According to Chase, Joseph Smith collaborated with seer Samuel T. Lawrence. Chase reported that "Joseph believed that one Samuel T. Lawrence was the man alluded to by the spirit, and went with him to a singular looking hill, in Manchester, and him where the treasure was."
Lawrence who was able to "see" not only the gold plates but also "saw" the pair of spectacles, which in Mormonism would later be identified with the biblical Urim and Thummim.
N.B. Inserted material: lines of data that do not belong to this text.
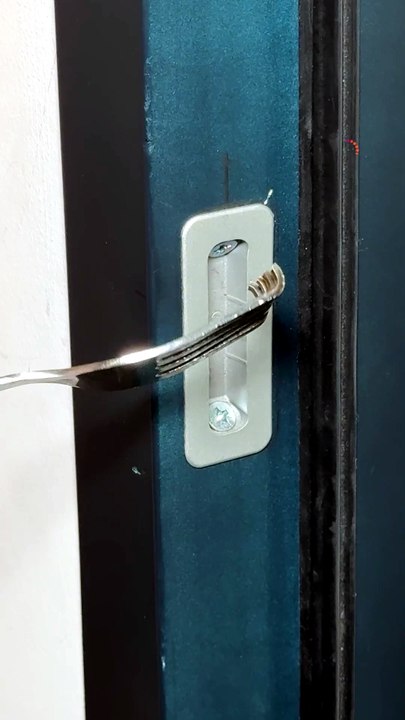 Turn a fork into a door lock🔐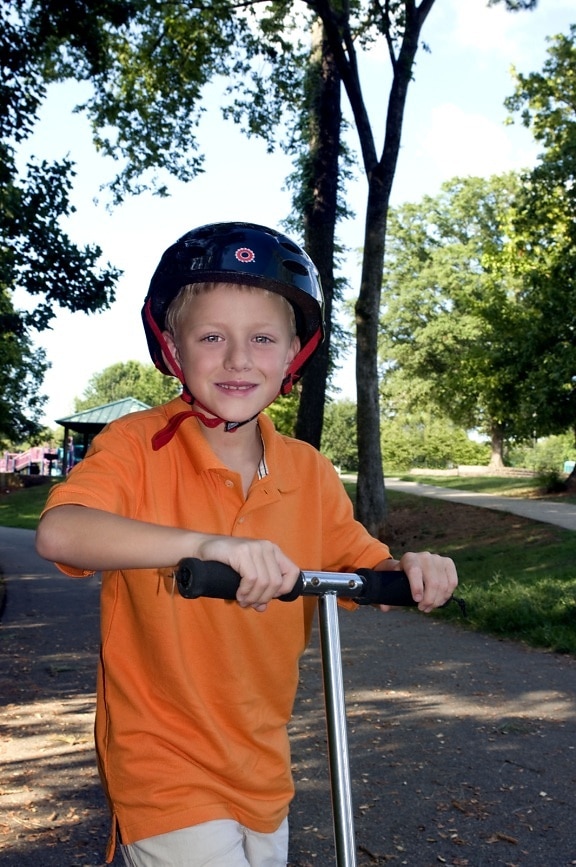 молодой мальчик, день, веселья, езда, скутер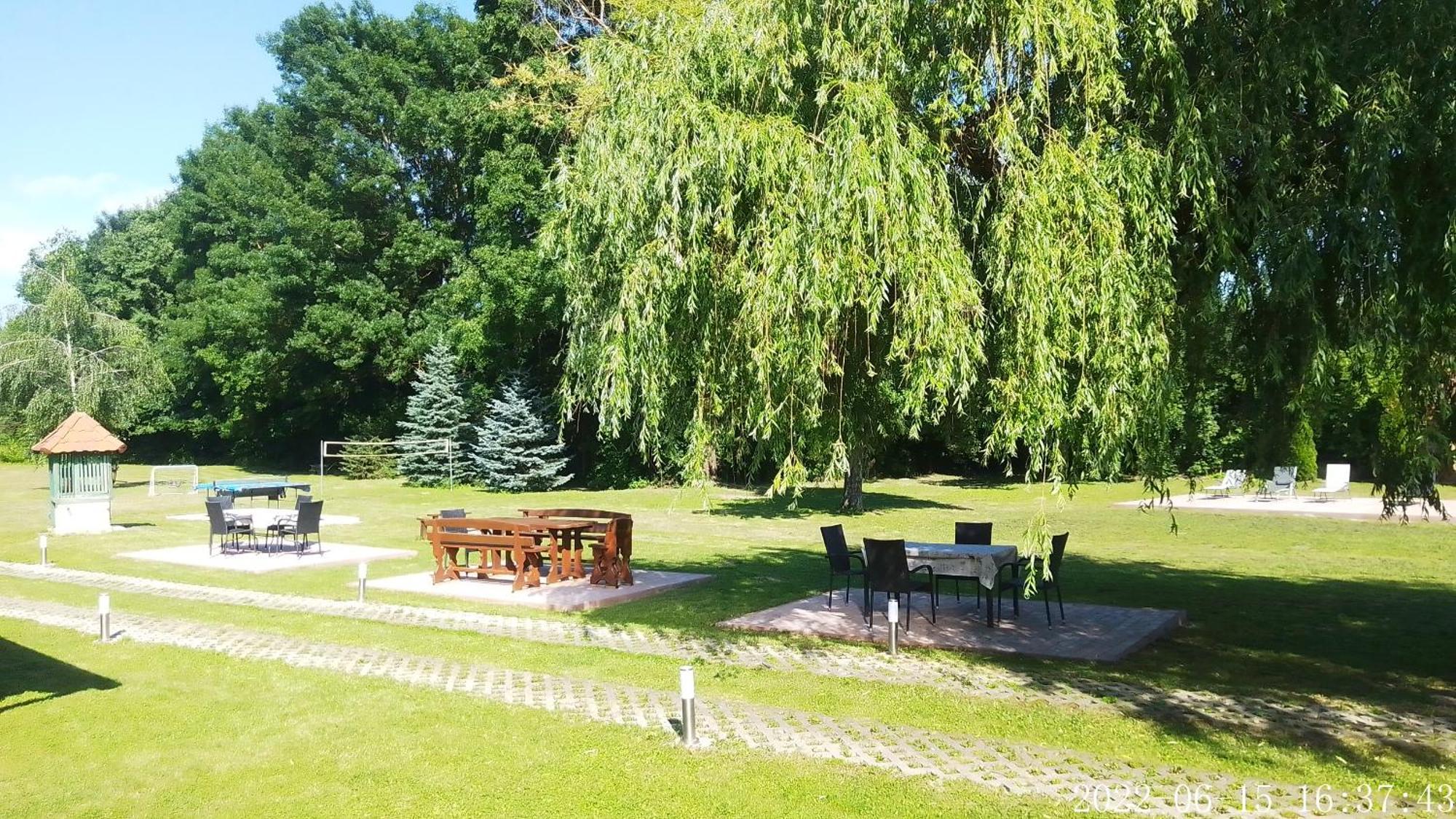 Almafas Vendeghaz Orseg Villa Kerkakutas Exterior foto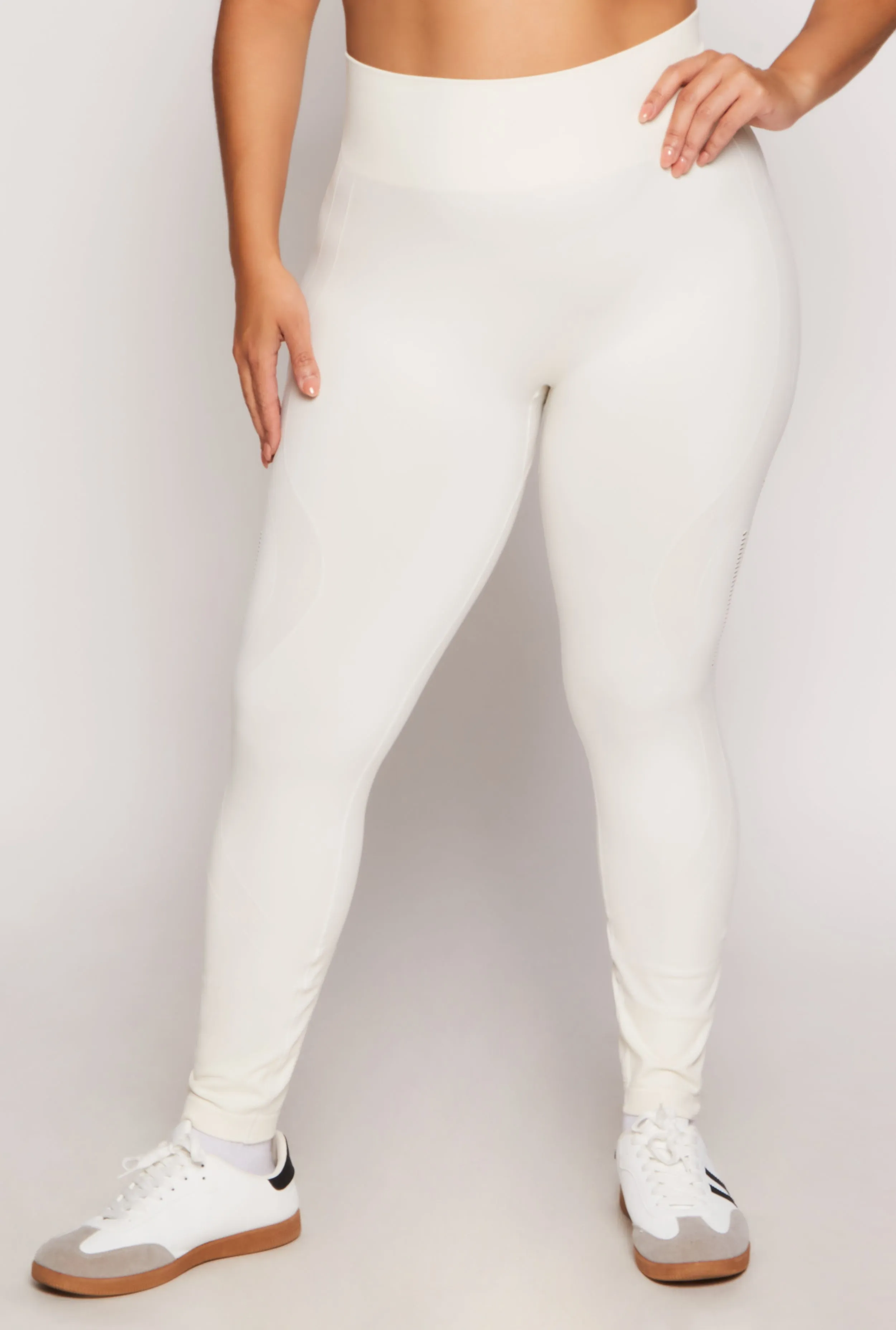 Plus Size Seamless Laser Cut Leggings sold by Rainbow product image thumbnail 2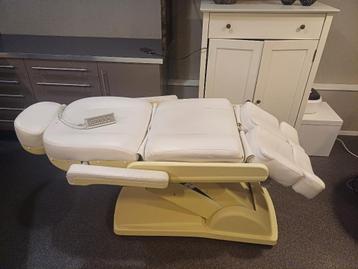Electrische behandelstoel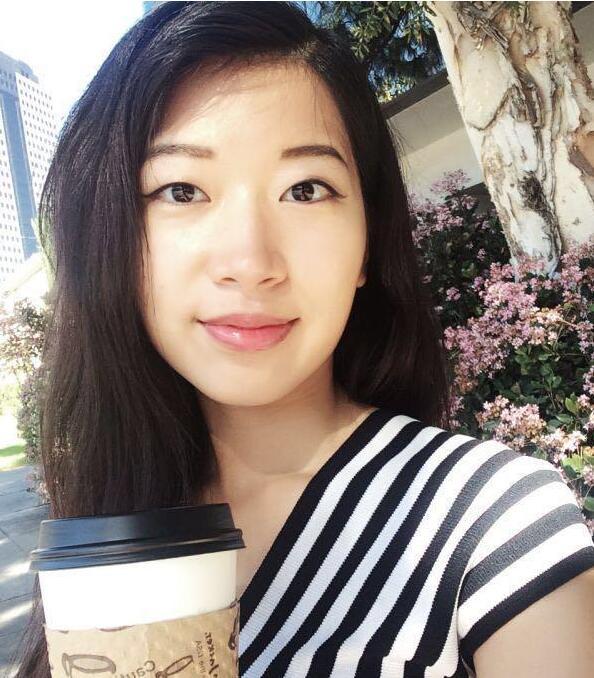 河北自拍将走好莱坞红毯女生多个斩获金色电短发短片女孩图片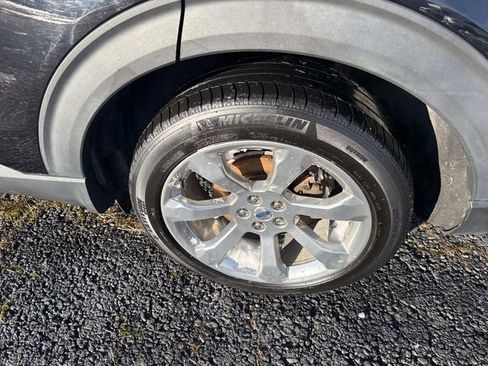 Used 2020 Ford Explorer Platinum image 16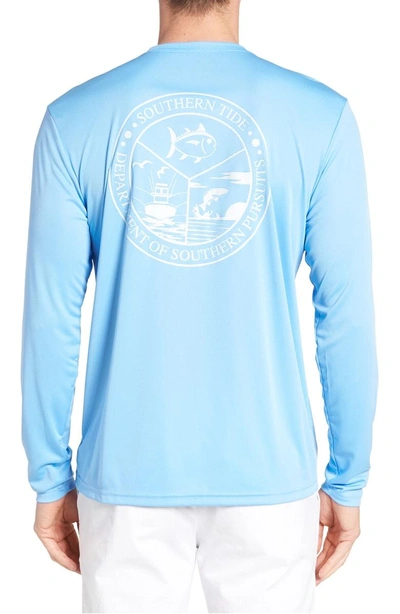 Shop Southern Tide Southern Pursuit Performance T-shirt In Ocean Channel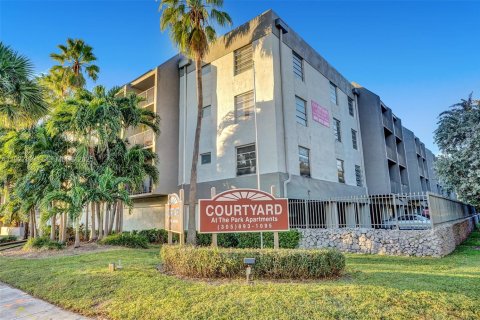 House in North Miami, Florida 1 bedroom, 75.72 sq.m. № 2076810 - photo 2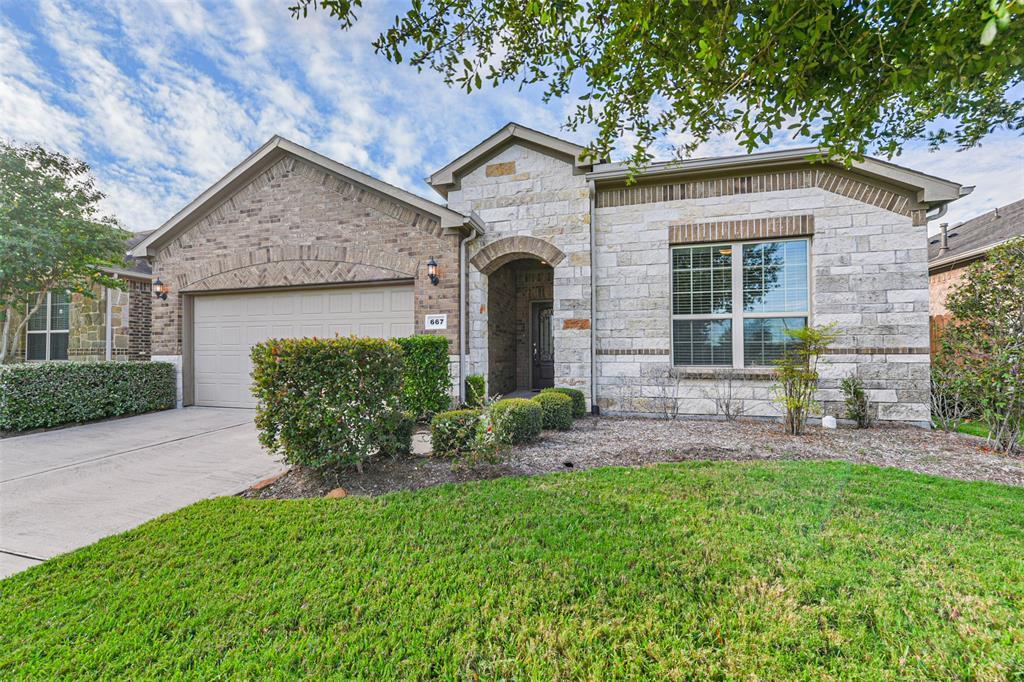 667 Tenuta Ln in League City, TX - Building Photo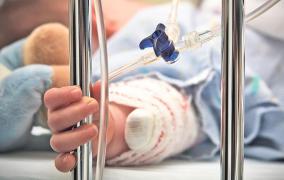 Accident CUMPLIT la Botoșani! Un copil de un an a ajuns în stare gravă la spital, după ce A CĂZUT într-o oală cu apă fierbinte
Chase attempts to obtain the plates
Although Chase's affidavit makes no mention of it, Lucy Mack Smith recalled that Chase and others attempted to obtain the Golden Plates themselves. Lucy wrote: "10 or 12 men were clubbed together with one Willard Chase, a Methodist class leader at their head, and what was most ridiculous they had sent for a conjuror to come 60 miles to divine the place where the record was deposited".Martin Harris
Chase recalls that Smith "met one day in the streets of Palmyra, a rich man, whose name was Martin Harris, and addressed him thus; 'I have a commandment from God to ask the first man I meet in the street to give me fifty dollars, to assist me in doing the work of the Lord by translating the Golden Bible.'".Chase recalls that Harris "reported that the Prophet's wife... would be delivered of a male child that would be able when two years old to translate the Gold Bible."